▸ **Given data**

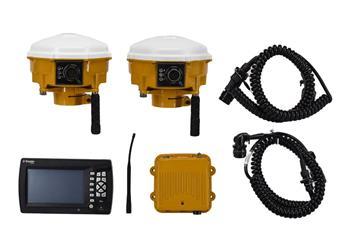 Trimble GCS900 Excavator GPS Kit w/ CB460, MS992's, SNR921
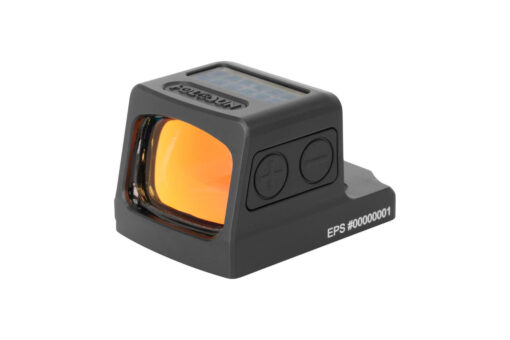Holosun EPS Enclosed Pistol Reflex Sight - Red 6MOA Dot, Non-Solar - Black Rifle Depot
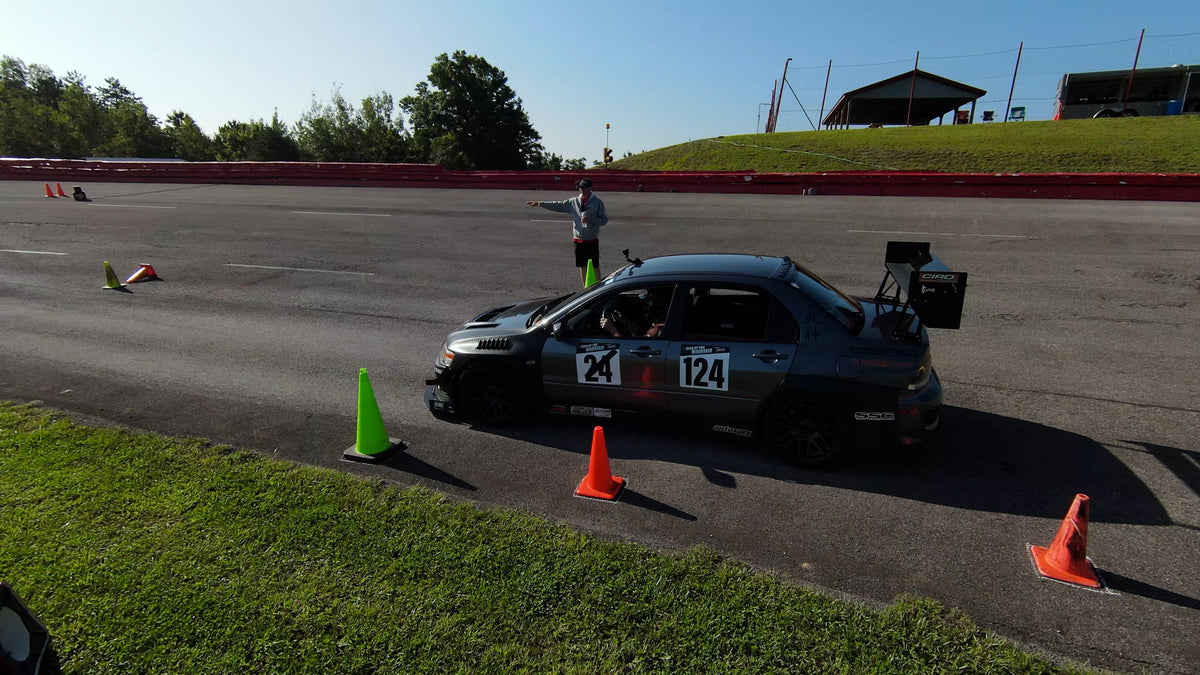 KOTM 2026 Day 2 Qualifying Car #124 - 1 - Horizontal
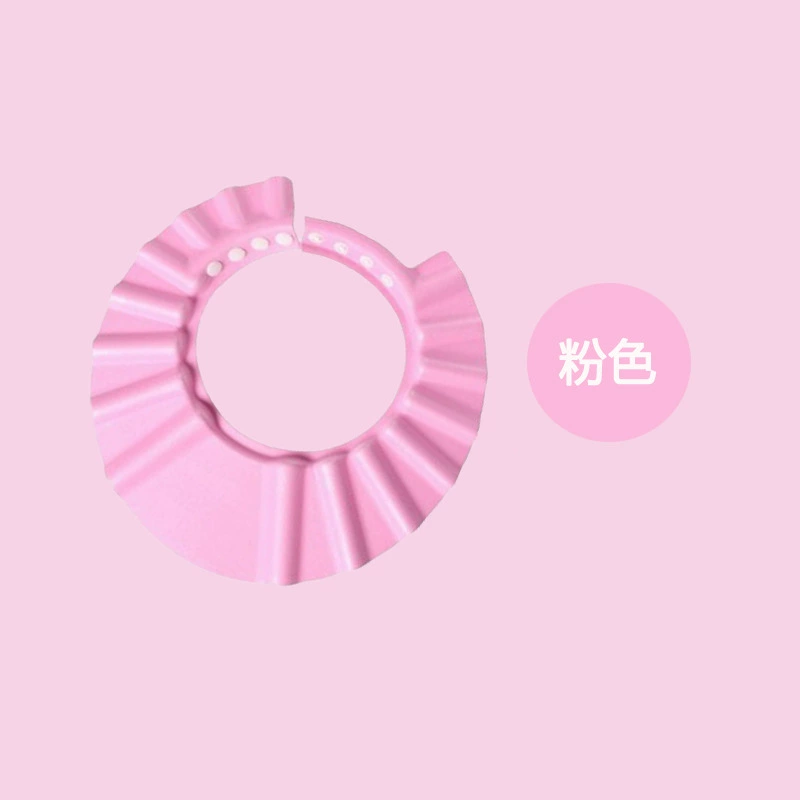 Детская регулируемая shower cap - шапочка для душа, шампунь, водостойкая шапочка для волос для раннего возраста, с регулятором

▸ **Task objective**
Restate the data word for word and exclude every picture.

▸ **Finished task**
 Trimble GCS900 Excavator GPS Kit w/ CB460, MS992's, SNR921
Holosun EPS Enclosed Pistol Reflex Sight - Red 6MOA Dot, Non-Solar - Black Rifle Depot
 KOTM 2026 Day 2 Qualifying Car #124 - 1 - Horizontal
 Детская регулируемая shower cap - шапочка для душа, шампунь, водостойкая шапочка для волос для раннего возраста, с регулятором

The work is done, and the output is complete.